In a computer program, this kind of "do nothing and return to previous state" behavior is like some prompt that wants a particular input, checks what you typed in, and reasserts itself if you typed invalid crap, and refuses to go away until you type in correct shit. Basically, the "machine's" behavior is: "invalid input fool, try again", which we've all experienced.
FSM's are often used like this to check the validity of input data, but that's not their only use.
A light switch that you only feed invalid inputs doesn't do much. Its only useful when you have it "transition" between ON/OFF "states" to turn your light on or off based on "input data" (i.e. shoving it up or down).
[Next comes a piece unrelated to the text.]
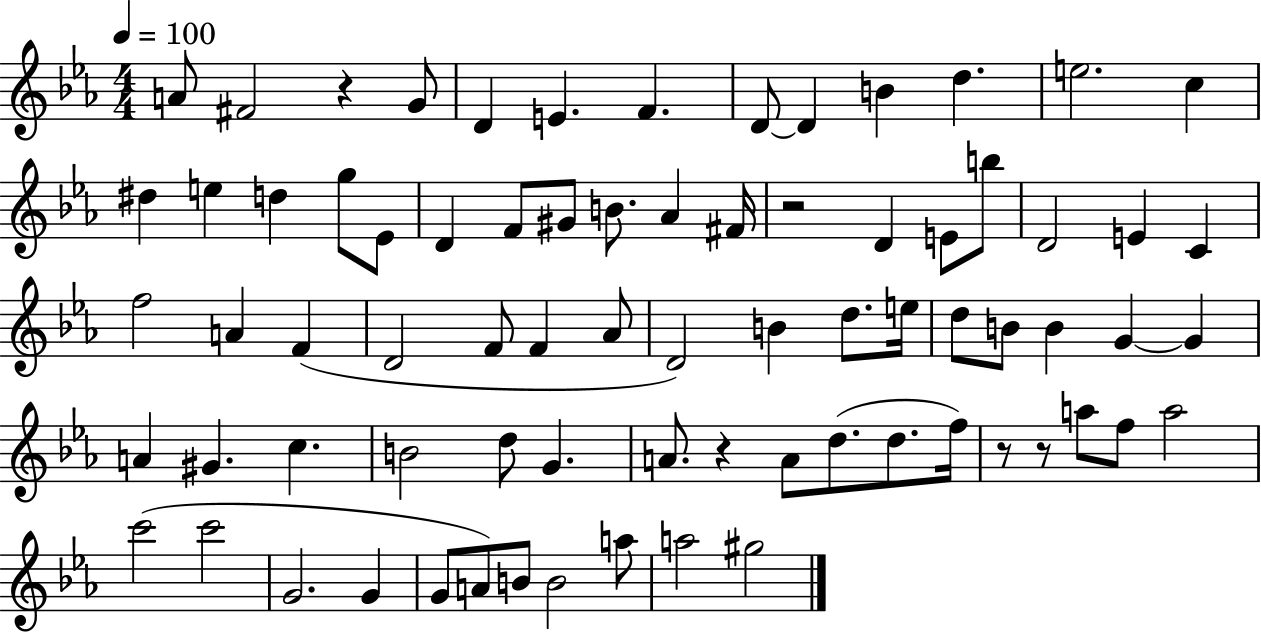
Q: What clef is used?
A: treble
If we're in the OFF "state" and you shove the handle up, we "transition" to the ON "state" and voila, things are getting brighter. Shove it up again, things remain bright. Similarly, if we're in the ON "state" and you shove it down, darkness ensues. Shove it down again - still dark.
Once you started thinking about how the light switch "machine" reacts to different "inputs" when its in its various "states" you've got the basics of how a simple FSM works.
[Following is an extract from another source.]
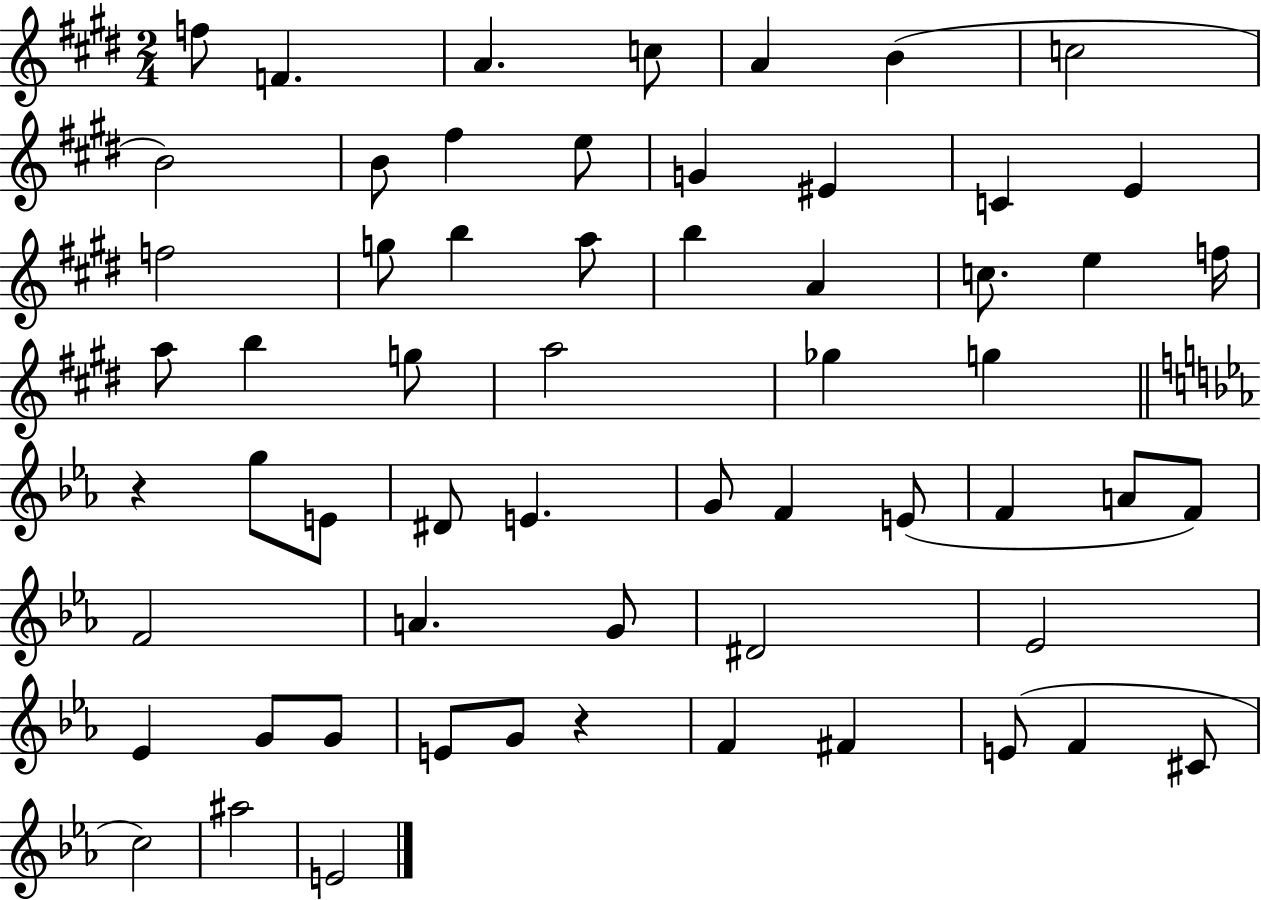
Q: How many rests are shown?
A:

FSM's are mechanistic - predictable in their behavior, just like the light switch. They have no surprises. For a "finite" numbers of "states", with well defined "transition" rules between them for all possible "inputs", you will get the same predictable behavior every time.
That on/off light switch example was pretty simple. Now ponder what sort of light switch "machine" is needed to control something like a light that can be turned on/off by several switches in different locations.
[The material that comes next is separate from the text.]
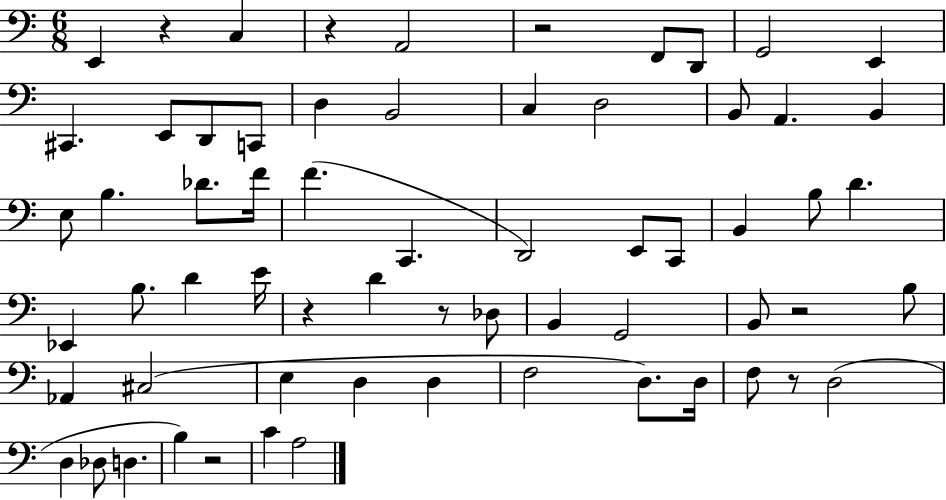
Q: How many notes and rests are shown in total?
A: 64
The 3-way and 4-way switches used to implement that don't have ON/OFF "states" like the simple switch, they're either up/down and the light bulb can be on/off with any particular switch in the up or down position depending on the "state" of the other switches that control the light bulb. That "machine" isn't so simple anymore, but its behavior will still be just as predictable as the simple one. If any of the multiple switches are flipped to their opposite position, the light bulb will turn on if it was off, and off if it was on.
This is the power of FSM's -- absolute predictability even when things start to get more complex. Of course one of the problems is when a FSM has a design flaw, it will fail predictably in certain circumstances too. That known as a "bug".
A example of predictable failure is some traffic stoplights. Their behavior is very FSM'ish. Based on their various timing settings, how many cars are waiting over roadbed sensors, etc they have very predictable mechanistic behaviors. We've probably all encountered a situation where some turn lane never gets a green arrow though. You could sit there forever and the damned thing won't change UNTIL someone pulls up in back of you, then suddenly you get the arrow.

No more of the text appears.